Yep, a proper sieve would build up the list probably recursively (or via TCO if really long with a reverse at the end if that is wanted) instead of filtering it repeatedly. :slight_smile:

This is the main part of the algorithm, I don’t want to copy everything as I guess it will be too much

 def remove_multiples([head | tail], n) when head <= n do
    [head | remove_multiples(Enum.filter(tail, fn e -> rem(e, head) !== 0 end), n)]
 end

It works for small numbers but for 1000000 it just times out, maybe using Streams could be a good idea?

But that’s not erasthostenes any more then. Erasthostenes explicitely filters a given list from 2 to x iteratively.

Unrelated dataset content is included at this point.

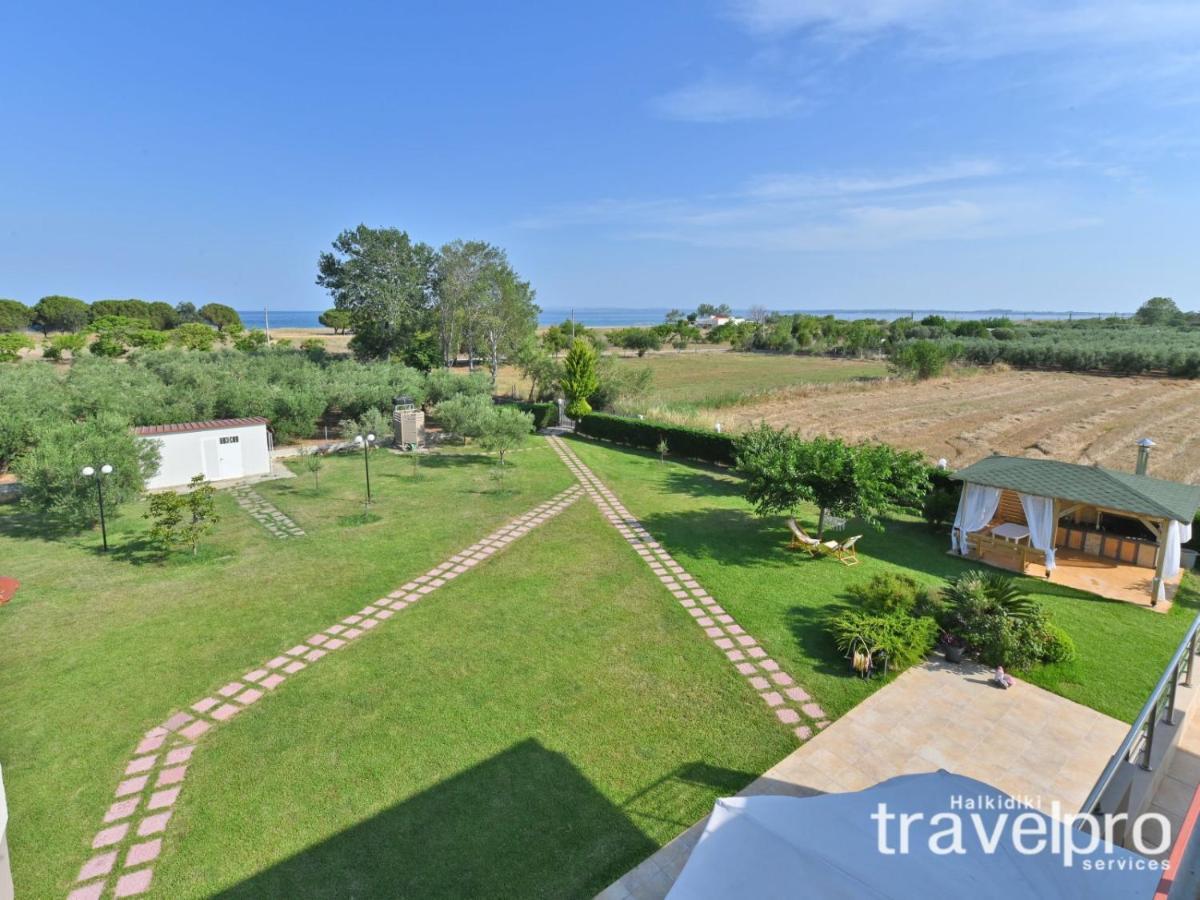 Villa Iris By Rentalspro Services - Agios Mamas Beach Eksteriør billede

Could just cheat and stream this file…

http://primes.utm.edu/lists/small/millions/

Which is efficient for languages with mutable variable, which BEAM languages are not. :wink:

When going from mutable to immutable languages you often need to refine the algorithm you are using for the new environment. :slight_smile:

Yeah that is because you are quite literally iterating over the list N number of times, so 1000000*log(N) or so times (give or take based on the number of primes up to a given value). That is a HUGE number of iterations. You need to reformulate the algorithm to think in the immutable world. :slight_smile:

Actually, after reading a bit about the algorithm, using the square root of N as limit in the guard clause made it. Now I get the results in 1 second for 1000000, while before it was timing out after 1 minute. Checked the results with a generator and I get the same :o

Awesome! :slight_smile:

And for comparison, the usual way (converted to elixir) is generally:

defmodule Testering do
  def primes_up_to(num) when is_integer(num) and num>0 do
    primes_up_to(2, round(:math.sqrt(num)), [], :lists.seq(3, num, 2))
  end
  def primes_up_to(prime, max, primes, ints) when prime > max do
    :lists.reverse([prime | primes], ints)
  end
  def primes_up_to(prime, max, primes, ints) do
    [newPrime | newInts] = for x <- ints, rem(x, prime) !== 0, do: x
    primes_up_to(newPrime, max, [prime | primes], newInts)
  end
end

Where I get ~1.5s for 1000000. :slight_smile:

Now, when you said this

were you speaking about the version you just posted? Is that version more functional like ?

A few years ago, I remember briefly playing with a lazy sieve (i.e. sieve as a stream). I was able to dig up my implementation here. As you can tell, it’s a bit outdated (using HashDict).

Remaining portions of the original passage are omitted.